The nursing craft, although focused primarily on providing quality health care to the community, cannot be perceived in isolation from the country’s socio-political landscape. Indeed, years of nursing experience have provided me insight into the profession, suggesting that nurses are obligated to be community advocates because they are frontline workers who explicitly notice the existing issues. As a result, nurses witness the acts of social injustice and employ emancipatory knowing that stands for the process of recognizing nursing through the lens of social justice (Lyckhage et al., 2018). The present reflection paper examines how critical thinking and emancipatory knowing encouraged me to react to social injustice in nursing practice.
For as long as I have been working as a nurse, I have witnessed examples of social and language gaps existing between healthcare providers and ethnic and racial minorities. The issue, however, was especially evident for the Spanish-speaking segment of patients. On several occasions, I needed to communicate with Spanish-speaking patients, and we both required the professional assistance of a translator to bridge the communication gap. Fortunately, I was able to ask one of the bilingual staff nurses to help us, but the constant need to assist Spanish-speaking patients disrupted her workflow. After conducting preliminary research, I found that the issue of translation lack was prevalent across the country. For example, in a pilot study by Morocho et al. (2021), the authors mentioned that “Spanish-speaking trauma patients lack autonomy, empowerment, and understanding their medical conditions” (“Conclusions” section). Hence, I decided to address the issue of social injustice for ethnic minorities and suggest hiring a full-time translator for the hospital.
To convey my proposal, I addressed the hospital administration, including the nurse manager, the HR division, and the hospital manager. After hearing my proposal, the administration acknowledged the relevance of this problem to health care, yet they were not sure if the hospital was ready to allocate costs to hire a full-time translator as part of the team. At this point, I appointed a one-on-one meeting with a community health nurse that holds expertise in social change and the costs required. Together, we analyzed the prospects of onboarding a translator as a potential contributor to better patient outcomes. Thus, according to Johnson & Johnson’s (2019) survey, there is a distinct connection between ensuring positive patient outcomes and saving costs for the hospital. Essentially, once holistic care is provided, there is a lower risk of readmissions and patient dissatisfaction.
Presenting this argument to the nurse manager facilitated the introduction of the change to the unit. As a result, the unit invited a part-time Spanish translator who secured communication with the Spanish-speaking patients. After personal interactions with the patients, I noticed that they were more confident and optimistic about their hospital stay. Indeed, they did not feel marginalized and knew what exactly was happening to them during the interventions.

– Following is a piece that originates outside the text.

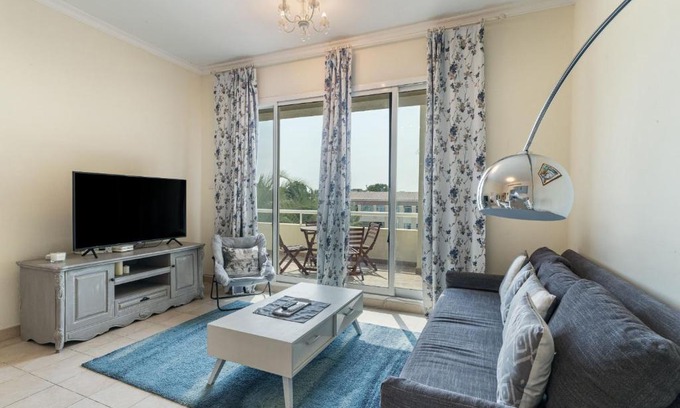 Dubai Investment Park Apartment | Lake Apartments - 1BR Apartment - Allsopp&Allsopp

Looking back at my experience, I would be more critical of the proposal and its perception by the management. Essentially, I assumed that the administration would be as preoccupied with this issue as I was, but they, in fact, prioritized the needs of all the hospital units and financial challenges. For this reason, the next time I am willing to introduce any changes, I will appraise social injustice through the lens of its impact on the hospital, staff, and patients.
Johnson & Johnson. (2019). Health system leaders shift top focus from costs to patient outcomes [PDF document]. Web.
Lyckhage, E. D., Brink, E., & Lindahl, B. (2018). A theoretical framework for emancipatory nursing with a focus on environment and persons’ own and shared lifeworld. Advances in Nursing Science, 41(4), 340-350. Web.
Morocho, C., Joplin, T. N., Lopez, K., Ortiz, D., Goergen, C. J., & Meagher, A. (2021). How translators affect the experience and healthcare of primary Spanish-speaking patients in the trauma department. Proceedings of IMPRS, 4(1). Web.